Datasets

All datasets in RETURNN are based on the Datset.Dataset, and most are also based on either CachedDataset.CachedDataset or CachedDataset2.CachedDataset2. The common parameters that can be used across most datasets are:

  • partition_epoch: split the data into smaller parts per epoch
  • seq_ordering: define the sequence ordering of the data.

Possible values for the sequence ordering are:

  • default: Keep the sequences as is
  • reverse: Use the default sequences in reversed order
  • random: Shuffle the data with a predefined fixed seed
  • random:<seed>: Shuffle the data with the seed given
  • sorted: Sort by length (only if available), beginning with shortest sequences
  • sorted_reverse: Sort by length, beginning with longest sequences
  • laplace:<n_buckets>: Shuffle the data and sort by length within each of n bins, each second bin is sorted in reverse.
  • laplace:.<n_sequences>: As above, but the number of bins is chosen such that each bin contains roughly n sequences.
  • laplace:<n_buckets>:<seed>: A seed can be provided for both laplace versions, separated by an additional colon.

Note that not all sequence order modes are available for all datasets, and some datasets may provide additional modes. For details on the different sequence orderings, have a look at Dataset.Dataset.get_seq_order_for_epoch(). Also check the sequence ordering possibilities with the MetaDataset.
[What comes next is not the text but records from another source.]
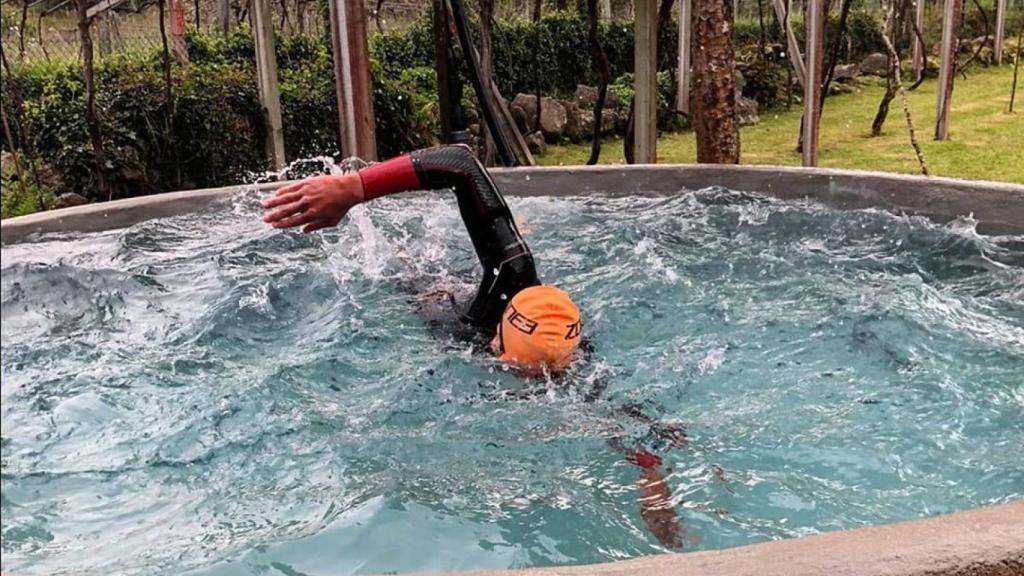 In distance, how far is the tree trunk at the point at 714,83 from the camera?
18.2 feet

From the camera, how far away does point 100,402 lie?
2.56m

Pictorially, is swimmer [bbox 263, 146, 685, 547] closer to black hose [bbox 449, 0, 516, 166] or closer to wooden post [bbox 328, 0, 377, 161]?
black hose [bbox 449, 0, 516, 166]

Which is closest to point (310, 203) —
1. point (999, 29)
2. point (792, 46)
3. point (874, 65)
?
point (792, 46)

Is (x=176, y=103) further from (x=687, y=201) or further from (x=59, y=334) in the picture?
(x=59, y=334)

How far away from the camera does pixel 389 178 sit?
2.58 m

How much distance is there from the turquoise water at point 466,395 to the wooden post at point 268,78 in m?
1.91

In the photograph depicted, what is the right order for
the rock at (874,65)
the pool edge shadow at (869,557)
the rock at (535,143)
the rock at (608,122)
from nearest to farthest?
the pool edge shadow at (869,557) → the rock at (535,143) → the rock at (608,122) → the rock at (874,65)

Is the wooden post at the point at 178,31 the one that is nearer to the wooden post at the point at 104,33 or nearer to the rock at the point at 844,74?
the wooden post at the point at 104,33

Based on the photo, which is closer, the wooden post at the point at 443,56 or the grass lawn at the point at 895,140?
the wooden post at the point at 443,56

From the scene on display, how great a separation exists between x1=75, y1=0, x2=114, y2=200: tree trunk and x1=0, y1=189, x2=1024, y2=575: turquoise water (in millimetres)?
1343

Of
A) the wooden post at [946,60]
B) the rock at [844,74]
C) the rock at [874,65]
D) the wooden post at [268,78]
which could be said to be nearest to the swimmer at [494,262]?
the wooden post at [268,78]

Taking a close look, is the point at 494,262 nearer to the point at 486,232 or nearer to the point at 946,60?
the point at 486,232

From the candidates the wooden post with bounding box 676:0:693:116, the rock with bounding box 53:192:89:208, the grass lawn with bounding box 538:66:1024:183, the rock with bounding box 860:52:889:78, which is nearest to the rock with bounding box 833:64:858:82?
the rock with bounding box 860:52:889:78

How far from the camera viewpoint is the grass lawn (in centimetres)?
723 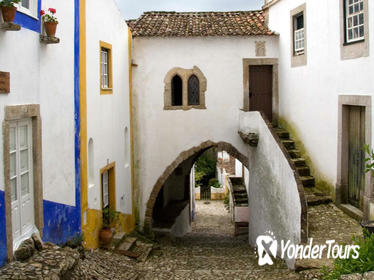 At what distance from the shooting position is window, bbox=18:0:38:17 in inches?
261

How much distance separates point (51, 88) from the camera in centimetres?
764

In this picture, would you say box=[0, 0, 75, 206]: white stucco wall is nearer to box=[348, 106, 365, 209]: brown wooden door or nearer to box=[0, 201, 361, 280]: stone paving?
box=[0, 201, 361, 280]: stone paving

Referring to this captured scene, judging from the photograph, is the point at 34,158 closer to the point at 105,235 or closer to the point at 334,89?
the point at 105,235

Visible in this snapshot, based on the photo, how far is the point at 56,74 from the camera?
783cm

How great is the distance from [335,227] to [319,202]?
1291 millimetres

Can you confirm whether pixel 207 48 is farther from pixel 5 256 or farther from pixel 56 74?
pixel 5 256

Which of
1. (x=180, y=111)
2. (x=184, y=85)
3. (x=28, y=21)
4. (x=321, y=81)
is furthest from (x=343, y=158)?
(x=28, y=21)

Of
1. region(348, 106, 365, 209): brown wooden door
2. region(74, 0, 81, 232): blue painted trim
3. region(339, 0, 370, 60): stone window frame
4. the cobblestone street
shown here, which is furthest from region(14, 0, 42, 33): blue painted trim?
region(348, 106, 365, 209): brown wooden door

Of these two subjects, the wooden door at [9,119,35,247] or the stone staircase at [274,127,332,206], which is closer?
the wooden door at [9,119,35,247]

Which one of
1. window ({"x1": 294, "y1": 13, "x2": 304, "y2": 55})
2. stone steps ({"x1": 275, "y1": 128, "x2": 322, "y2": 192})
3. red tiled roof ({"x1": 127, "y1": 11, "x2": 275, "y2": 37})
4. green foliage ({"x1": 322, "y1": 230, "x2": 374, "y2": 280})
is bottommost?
green foliage ({"x1": 322, "y1": 230, "x2": 374, "y2": 280})

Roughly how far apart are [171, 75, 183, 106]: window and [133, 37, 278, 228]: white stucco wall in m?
0.36

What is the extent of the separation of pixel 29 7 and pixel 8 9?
1.06 metres

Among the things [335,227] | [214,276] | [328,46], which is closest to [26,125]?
[214,276]

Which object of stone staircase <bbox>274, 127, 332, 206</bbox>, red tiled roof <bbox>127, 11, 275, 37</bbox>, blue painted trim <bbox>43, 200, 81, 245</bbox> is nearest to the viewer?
blue painted trim <bbox>43, 200, 81, 245</bbox> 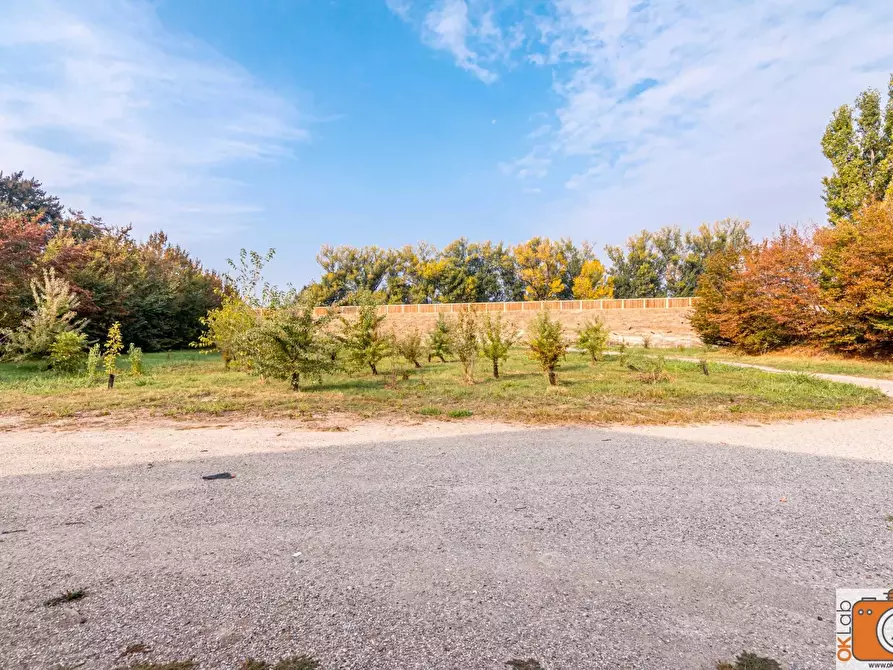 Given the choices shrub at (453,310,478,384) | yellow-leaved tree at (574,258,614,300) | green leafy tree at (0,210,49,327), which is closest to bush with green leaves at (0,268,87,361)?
green leafy tree at (0,210,49,327)

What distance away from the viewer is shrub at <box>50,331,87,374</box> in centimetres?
1212

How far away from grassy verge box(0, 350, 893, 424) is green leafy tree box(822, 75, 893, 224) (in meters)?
22.1

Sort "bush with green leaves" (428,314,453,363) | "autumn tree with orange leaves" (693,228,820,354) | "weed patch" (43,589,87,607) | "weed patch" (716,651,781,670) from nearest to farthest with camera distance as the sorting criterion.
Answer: "weed patch" (716,651,781,670) → "weed patch" (43,589,87,607) → "bush with green leaves" (428,314,453,363) → "autumn tree with orange leaves" (693,228,820,354)

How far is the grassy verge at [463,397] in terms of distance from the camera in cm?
725

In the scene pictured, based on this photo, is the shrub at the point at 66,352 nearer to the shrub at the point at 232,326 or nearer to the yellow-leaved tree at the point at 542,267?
the shrub at the point at 232,326

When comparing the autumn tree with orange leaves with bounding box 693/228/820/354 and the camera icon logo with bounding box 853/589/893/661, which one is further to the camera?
the autumn tree with orange leaves with bounding box 693/228/820/354

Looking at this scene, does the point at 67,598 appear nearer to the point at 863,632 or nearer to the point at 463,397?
the point at 863,632

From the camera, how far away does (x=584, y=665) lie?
1.76 m

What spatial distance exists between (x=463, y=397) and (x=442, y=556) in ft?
20.7

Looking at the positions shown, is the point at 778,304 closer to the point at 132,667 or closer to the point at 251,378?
the point at 251,378

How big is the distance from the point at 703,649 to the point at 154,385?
1159 cm

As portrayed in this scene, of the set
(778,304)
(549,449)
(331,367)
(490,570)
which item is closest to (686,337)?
(778,304)

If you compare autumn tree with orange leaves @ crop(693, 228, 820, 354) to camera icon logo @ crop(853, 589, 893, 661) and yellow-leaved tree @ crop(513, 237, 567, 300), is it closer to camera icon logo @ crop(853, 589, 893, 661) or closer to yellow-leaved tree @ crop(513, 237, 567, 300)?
camera icon logo @ crop(853, 589, 893, 661)

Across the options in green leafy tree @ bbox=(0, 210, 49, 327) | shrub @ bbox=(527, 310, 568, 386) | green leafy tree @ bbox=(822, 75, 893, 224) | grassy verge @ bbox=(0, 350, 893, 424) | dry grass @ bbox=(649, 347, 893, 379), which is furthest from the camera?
green leafy tree @ bbox=(822, 75, 893, 224) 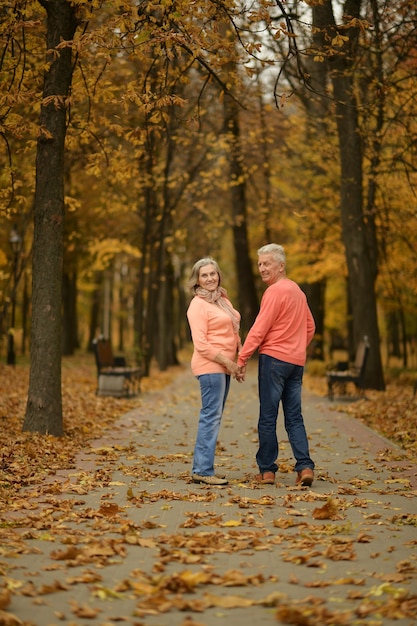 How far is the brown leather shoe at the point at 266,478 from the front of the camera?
8664 millimetres

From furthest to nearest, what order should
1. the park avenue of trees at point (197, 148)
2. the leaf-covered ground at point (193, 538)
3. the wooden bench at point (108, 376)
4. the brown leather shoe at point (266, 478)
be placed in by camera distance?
the wooden bench at point (108, 376)
the park avenue of trees at point (197, 148)
the brown leather shoe at point (266, 478)
the leaf-covered ground at point (193, 538)

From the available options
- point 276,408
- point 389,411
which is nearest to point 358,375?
point 389,411

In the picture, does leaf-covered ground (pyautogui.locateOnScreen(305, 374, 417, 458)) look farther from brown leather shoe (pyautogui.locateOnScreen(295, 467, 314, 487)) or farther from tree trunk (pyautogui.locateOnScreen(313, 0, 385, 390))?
brown leather shoe (pyautogui.locateOnScreen(295, 467, 314, 487))

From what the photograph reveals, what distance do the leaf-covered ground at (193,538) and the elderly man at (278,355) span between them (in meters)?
0.35

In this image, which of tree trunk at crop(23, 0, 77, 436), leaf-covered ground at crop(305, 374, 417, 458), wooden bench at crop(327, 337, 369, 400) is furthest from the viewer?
wooden bench at crop(327, 337, 369, 400)

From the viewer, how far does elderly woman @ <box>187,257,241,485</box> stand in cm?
852

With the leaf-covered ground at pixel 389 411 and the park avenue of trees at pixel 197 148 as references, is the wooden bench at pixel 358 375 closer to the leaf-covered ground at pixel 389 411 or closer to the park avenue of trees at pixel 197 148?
the leaf-covered ground at pixel 389 411

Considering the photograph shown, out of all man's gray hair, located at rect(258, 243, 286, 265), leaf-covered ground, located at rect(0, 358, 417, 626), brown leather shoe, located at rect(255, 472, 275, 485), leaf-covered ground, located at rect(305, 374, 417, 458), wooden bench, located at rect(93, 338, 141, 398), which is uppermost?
man's gray hair, located at rect(258, 243, 286, 265)

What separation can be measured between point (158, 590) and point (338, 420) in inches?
402

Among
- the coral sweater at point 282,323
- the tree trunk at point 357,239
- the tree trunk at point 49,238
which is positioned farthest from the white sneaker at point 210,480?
the tree trunk at point 357,239

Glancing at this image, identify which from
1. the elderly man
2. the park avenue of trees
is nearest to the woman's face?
the elderly man

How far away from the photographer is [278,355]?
8586mm

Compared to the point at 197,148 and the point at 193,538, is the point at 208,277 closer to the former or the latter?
the point at 193,538

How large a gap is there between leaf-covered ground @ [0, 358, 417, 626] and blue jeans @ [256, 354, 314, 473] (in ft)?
1.06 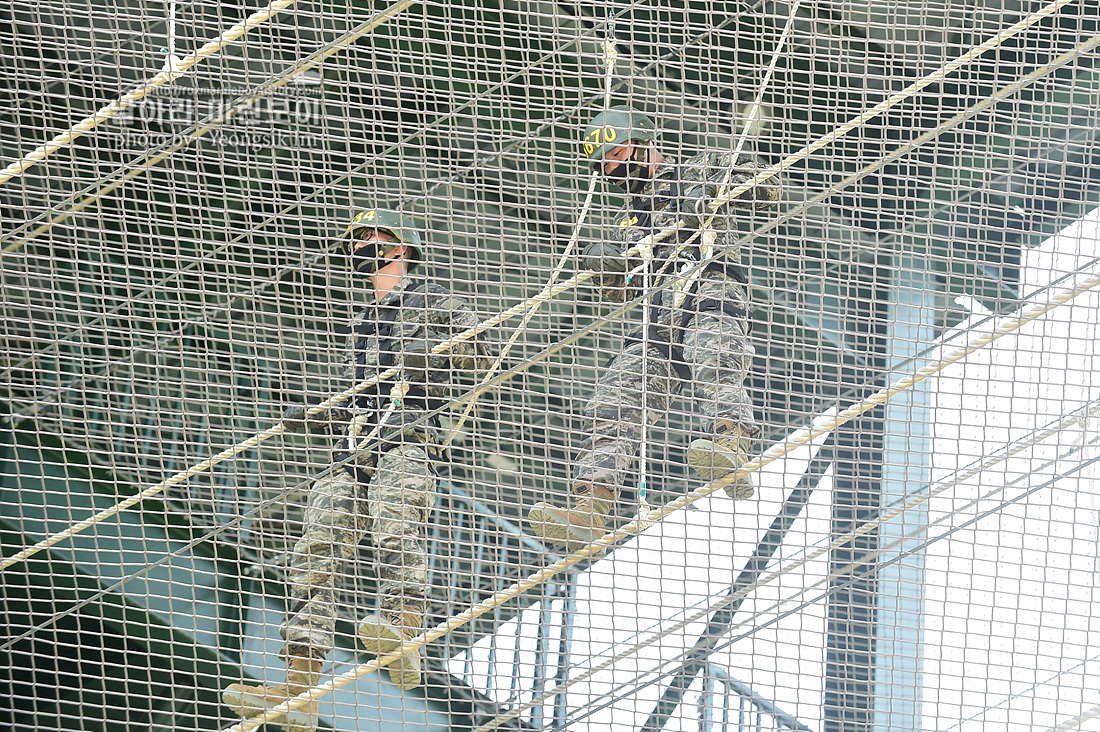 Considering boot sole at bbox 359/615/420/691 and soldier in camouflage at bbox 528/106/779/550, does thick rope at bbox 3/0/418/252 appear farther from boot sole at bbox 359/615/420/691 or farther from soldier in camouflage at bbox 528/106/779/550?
boot sole at bbox 359/615/420/691

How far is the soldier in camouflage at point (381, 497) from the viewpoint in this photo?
223 centimetres

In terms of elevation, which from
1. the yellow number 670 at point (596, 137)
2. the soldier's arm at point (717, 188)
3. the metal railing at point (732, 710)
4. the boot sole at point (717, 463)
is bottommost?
the metal railing at point (732, 710)

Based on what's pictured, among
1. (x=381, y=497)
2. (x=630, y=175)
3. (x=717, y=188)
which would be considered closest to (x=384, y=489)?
(x=381, y=497)

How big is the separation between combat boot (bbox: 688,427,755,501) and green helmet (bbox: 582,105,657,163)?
535 mm

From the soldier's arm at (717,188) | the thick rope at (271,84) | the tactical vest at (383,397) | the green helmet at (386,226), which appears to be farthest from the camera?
the green helmet at (386,226)

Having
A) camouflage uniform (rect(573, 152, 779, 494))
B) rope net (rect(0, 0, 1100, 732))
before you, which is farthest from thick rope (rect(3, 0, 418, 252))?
camouflage uniform (rect(573, 152, 779, 494))

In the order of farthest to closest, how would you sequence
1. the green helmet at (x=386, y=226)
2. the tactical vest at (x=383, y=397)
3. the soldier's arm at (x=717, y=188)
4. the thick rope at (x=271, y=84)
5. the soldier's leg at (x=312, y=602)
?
the green helmet at (x=386, y=226) < the tactical vest at (x=383, y=397) < the soldier's leg at (x=312, y=602) < the soldier's arm at (x=717, y=188) < the thick rope at (x=271, y=84)

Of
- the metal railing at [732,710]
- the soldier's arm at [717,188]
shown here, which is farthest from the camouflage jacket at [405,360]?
the metal railing at [732,710]

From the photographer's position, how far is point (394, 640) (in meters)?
2.20

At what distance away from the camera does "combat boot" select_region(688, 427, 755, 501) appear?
7.43 ft

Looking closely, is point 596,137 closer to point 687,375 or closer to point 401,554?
point 687,375

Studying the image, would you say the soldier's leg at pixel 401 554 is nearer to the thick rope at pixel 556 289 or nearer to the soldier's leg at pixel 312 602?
the soldier's leg at pixel 312 602

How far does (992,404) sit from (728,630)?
60 centimetres

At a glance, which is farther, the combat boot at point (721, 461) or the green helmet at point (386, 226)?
the green helmet at point (386, 226) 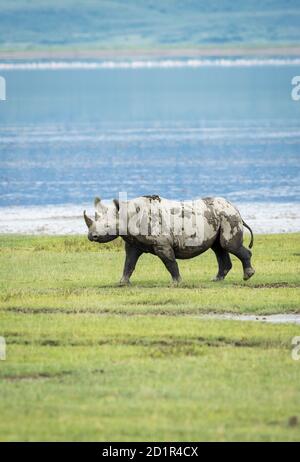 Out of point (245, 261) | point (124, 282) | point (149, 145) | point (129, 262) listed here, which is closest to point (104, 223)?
point (129, 262)

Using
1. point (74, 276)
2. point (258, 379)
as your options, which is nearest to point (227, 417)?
point (258, 379)

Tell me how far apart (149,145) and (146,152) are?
218 inches

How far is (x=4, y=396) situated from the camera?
14805mm

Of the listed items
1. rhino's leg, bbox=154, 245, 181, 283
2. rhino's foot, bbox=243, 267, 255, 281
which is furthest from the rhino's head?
rhino's foot, bbox=243, 267, 255, 281

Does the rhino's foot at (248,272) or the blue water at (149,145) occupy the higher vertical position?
the blue water at (149,145)

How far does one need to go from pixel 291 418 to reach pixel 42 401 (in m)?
2.29

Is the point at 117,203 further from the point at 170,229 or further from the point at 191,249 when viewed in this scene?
the point at 191,249

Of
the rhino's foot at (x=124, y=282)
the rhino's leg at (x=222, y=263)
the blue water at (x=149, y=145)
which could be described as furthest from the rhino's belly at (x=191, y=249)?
the blue water at (x=149, y=145)

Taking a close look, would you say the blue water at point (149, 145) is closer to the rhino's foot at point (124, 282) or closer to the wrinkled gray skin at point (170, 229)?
the wrinkled gray skin at point (170, 229)

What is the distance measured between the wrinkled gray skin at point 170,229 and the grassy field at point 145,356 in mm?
420

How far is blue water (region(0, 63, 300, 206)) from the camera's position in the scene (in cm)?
5003

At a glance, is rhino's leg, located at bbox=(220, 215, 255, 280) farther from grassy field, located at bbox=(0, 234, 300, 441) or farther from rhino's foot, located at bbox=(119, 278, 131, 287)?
rhino's foot, located at bbox=(119, 278, 131, 287)

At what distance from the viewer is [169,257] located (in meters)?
21.8

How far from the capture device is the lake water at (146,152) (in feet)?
139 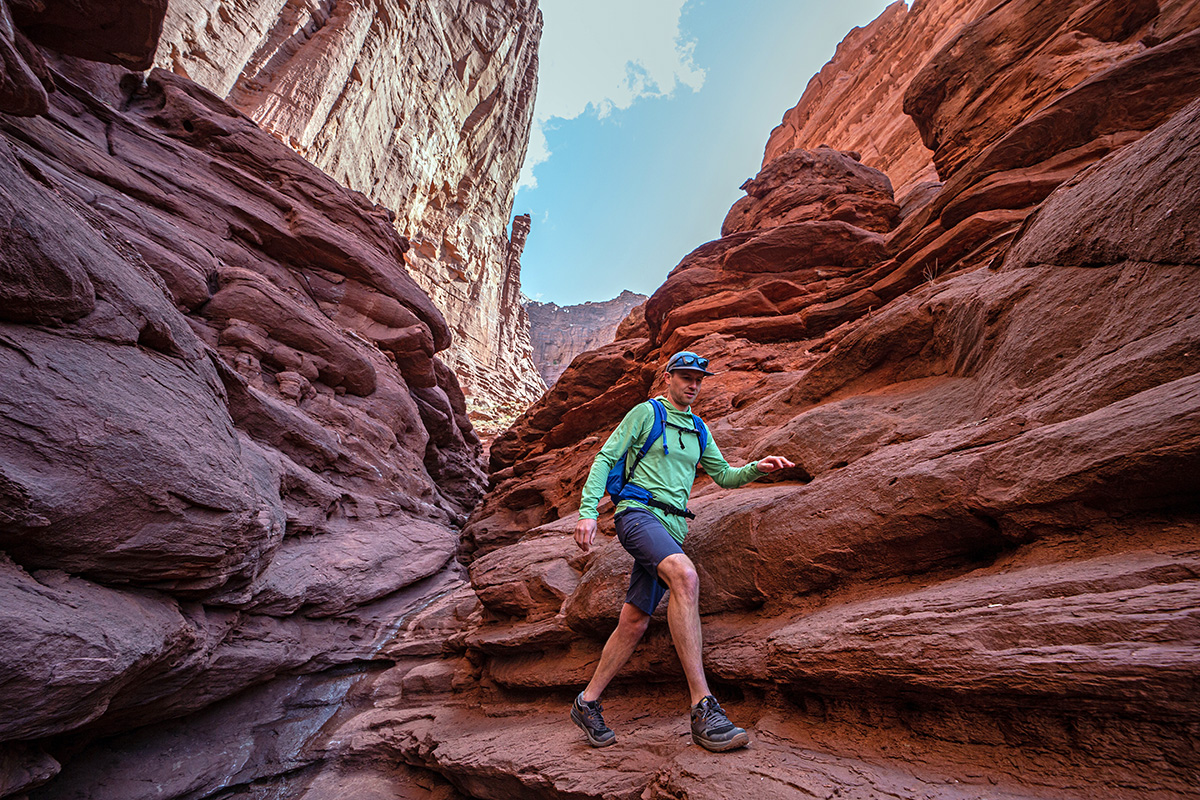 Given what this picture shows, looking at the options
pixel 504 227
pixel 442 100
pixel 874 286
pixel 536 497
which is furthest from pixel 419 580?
pixel 504 227

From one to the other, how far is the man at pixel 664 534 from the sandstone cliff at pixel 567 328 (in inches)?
3447

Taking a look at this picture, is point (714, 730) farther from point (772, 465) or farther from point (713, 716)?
point (772, 465)

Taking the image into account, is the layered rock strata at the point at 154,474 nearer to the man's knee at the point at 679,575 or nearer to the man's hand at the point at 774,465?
the man's knee at the point at 679,575

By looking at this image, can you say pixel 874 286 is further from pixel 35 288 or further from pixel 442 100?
pixel 442 100

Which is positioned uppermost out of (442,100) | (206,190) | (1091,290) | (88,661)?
(442,100)

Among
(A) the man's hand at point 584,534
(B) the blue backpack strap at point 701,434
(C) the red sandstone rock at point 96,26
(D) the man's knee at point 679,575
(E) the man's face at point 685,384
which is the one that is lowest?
(D) the man's knee at point 679,575

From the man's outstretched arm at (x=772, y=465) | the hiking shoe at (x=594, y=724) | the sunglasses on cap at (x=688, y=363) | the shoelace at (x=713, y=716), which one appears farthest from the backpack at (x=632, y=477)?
the hiking shoe at (x=594, y=724)

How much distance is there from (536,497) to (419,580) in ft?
17.7

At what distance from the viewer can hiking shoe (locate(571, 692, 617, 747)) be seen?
3.71 m

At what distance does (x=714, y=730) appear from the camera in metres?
2.99

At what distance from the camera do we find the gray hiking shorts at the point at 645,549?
11.6ft

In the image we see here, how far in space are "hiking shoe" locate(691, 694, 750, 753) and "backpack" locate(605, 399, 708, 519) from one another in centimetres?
133

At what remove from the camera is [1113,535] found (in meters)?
2.57

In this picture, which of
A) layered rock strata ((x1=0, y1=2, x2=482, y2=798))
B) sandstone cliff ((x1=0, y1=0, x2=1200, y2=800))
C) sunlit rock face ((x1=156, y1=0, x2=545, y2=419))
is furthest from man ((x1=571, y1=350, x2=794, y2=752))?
sunlit rock face ((x1=156, y1=0, x2=545, y2=419)) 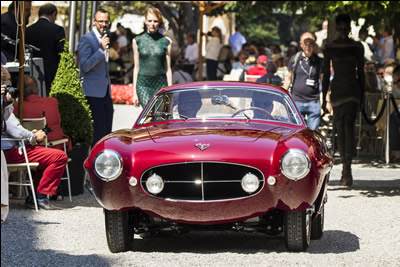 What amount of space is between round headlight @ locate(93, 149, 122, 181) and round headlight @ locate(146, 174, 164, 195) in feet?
0.73

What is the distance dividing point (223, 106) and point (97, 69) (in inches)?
140

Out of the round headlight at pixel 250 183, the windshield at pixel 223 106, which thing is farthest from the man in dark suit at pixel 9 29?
the round headlight at pixel 250 183

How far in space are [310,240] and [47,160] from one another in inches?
116

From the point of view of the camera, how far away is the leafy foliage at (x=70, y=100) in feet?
36.6

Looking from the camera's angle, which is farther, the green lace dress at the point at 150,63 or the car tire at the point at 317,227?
the green lace dress at the point at 150,63

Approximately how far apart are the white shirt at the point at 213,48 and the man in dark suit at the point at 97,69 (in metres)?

class Dataset.Dataset(name=None, window=1, context_window=None, chunking=None, seq_ordering='default', random_seed_offset=None, partition_epoch=None, repeat_epoch=None, seq_list_filter_file=None, unique_seq_tags=False, seq_order_seq_lens_file=None, shuffle_frames_of_nseqs=0, min_chunk_size=0, chunking_variance=0, estimated_num_seqs=None)[source]

Bases: object

Base class for any dataset. This defines the dataset API.

Parameters:
  • name (str) – e.g. “train” or “eval”
  • window (int) – features will be of dimension window * feature_dim, as we add a context-window around. not all datasets support this option.
  • context_window (None|int|dict|NumbersDict|(dict,dict)) – will add this context for each chunk
  • chunking (None|str|int|(int,int)|dict|(dict,dict)) – “chunk_size:chunk_step”
  • seq_ordering (str) – “batching”-option in config. e.g. “default”, “sorted” or “random”. See self.get_seq_order_for_epoch() for more details.
  • random_seed_offset (int|None) –
  • partition_epoch (int|None) –
  • repeat_epoch (int|None) – Repeat the sequences in an epoch this many times. Useful to scale the dataset relative to other datasets, e.g. when used in CombinedDataset. Not allowed to be used in combination with partition_epoch.
  • seq_list_filter_file (str|None) – defines a subset of sequences (by tag) to use
  • unique_seq_tags (bool) – uniquify seqs with same seq tags in seq order
  • seq_order_seq_lens_file (str|None) – for seq order, use the seq length given by this file
  • shuffle_frames_of_nseqs (int) – shuffles the frames. not always supported
  • estimated_num_seqs (None|int) – for progress reporting in case the real num_seqs is unknown
class CachedDataset.CachedDataset(cache_byte_size=0, **kwargs)[source]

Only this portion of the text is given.